Dataset content.

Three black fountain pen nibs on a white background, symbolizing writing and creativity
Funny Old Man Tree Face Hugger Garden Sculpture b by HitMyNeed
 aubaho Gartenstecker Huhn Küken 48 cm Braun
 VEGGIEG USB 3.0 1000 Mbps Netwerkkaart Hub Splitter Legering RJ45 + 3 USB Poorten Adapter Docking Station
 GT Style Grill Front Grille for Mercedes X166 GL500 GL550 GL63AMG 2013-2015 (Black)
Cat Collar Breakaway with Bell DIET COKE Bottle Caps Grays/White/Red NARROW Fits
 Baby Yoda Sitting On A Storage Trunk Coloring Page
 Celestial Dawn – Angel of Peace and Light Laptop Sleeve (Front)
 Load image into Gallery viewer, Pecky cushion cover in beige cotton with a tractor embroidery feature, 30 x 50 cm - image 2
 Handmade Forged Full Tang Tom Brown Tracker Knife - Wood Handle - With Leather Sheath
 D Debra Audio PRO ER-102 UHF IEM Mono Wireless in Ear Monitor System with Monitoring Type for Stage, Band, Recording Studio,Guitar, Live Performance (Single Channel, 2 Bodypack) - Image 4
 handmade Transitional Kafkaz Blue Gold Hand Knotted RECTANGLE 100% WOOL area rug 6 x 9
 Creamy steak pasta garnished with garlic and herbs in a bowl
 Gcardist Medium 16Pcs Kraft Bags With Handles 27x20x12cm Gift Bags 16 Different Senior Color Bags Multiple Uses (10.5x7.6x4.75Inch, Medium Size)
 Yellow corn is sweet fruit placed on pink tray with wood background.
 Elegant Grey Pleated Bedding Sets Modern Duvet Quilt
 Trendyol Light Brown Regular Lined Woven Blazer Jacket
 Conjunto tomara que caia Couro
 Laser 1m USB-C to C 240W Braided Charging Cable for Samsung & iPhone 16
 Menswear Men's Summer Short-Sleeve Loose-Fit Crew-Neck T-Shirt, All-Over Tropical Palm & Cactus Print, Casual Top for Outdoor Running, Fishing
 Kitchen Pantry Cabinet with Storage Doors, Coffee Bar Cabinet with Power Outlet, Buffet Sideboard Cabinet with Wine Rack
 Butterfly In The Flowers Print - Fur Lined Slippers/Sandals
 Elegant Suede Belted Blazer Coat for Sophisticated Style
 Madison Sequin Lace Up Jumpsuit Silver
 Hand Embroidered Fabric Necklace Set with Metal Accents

About this exercise. All of the data above should be written out again word for word.

Solution for this task.
Three black fountain pen nibs on a white background, symbolizing writing and creativity
Funny Old Man Tree Face Hugger Garden Sculpture b by HitMyNeed
 aubaho Gartenstecker Huhn Küken 48 cm Braun
 VEGGIEG USB 3.0 1000 Mbps Netwerkkaart Hub Splitter Legering RJ45 + 3 USB Poorten Adapter Docking Station
 GT Style Grill Front Grille for Mercedes X166 GL500 GL550 GL63AMG 2013-2015 (Black)
Cat Collar Breakaway with Bell DIET COKE Bottle Caps Grays/White/Red NARROW Fits
 Baby Yoda Sitting On A Storage Trunk Coloring Page
 Celestial Dawn – Angel of Peace and Light Laptop Sleeve (Front)
 Load image into Gallery viewer, Pecky cushion cover in beige cotton with a tractor embroidery feature, 30 x 50 cm - image 2
 Handmade Forged Full Tang Tom Brown Tracker Knife - Wood Handle - With Leather Sheath
 D Debra Audio PRO ER-102 UHF IEM Mono Wireless in Ear Monitor System with Monitoring Type for Stage, Band, Recording Studio,Guitar, Live Performance (Single Channel, 2 Bodypack) - Image 4
 handmade Transitional Kafkaz Blue Gold Hand Knotted RECTANGLE 100% WOOL area rug 6 x 9
 Creamy steak pasta garnished with garlic and herbs in a bowl
 Gcardist Medium 16Pcs Kraft Bags With Handles 27x20x12cm Gift Bags 16 Different Senior Color Bags Multiple Uses (10.5x7.6x4.75Inch, Medium Size)
 Yellow corn is sweet fruit placed on pink tray with wood background.
 Elegant Grey Pleated Bedding Sets Modern Duvet Quilt
 Trendyol Light Brown Regular Lined Woven Blazer Jacket
 Conjunto tomara que caia Couro
 Laser 1m USB-C to C 240W Braided Charging Cable for Samsung & iPhone 16
 Menswear Men's Summer Short-Sleeve Loose-Fit Crew-Neck T-Shirt, All-Over Tropical Palm & Cactus Print, Casual Top for Outdoor Running, Fishing
 Kitchen Pantry Cabinet with Storage Doors, Coffee Bar Cabinet with Power Outlet, Buffet Sideboard Cabinet with Wine Rack
 Butterfly In The Flowers Print - Fur Lined Slippers/Sandals
 Elegant Suede Belted Blazer Coat for Sophisticated Style
 Madison Sequin Lace Up Jumpsuit Silver
 Hand Embroidered Fabric Necklace Set with Metal Accents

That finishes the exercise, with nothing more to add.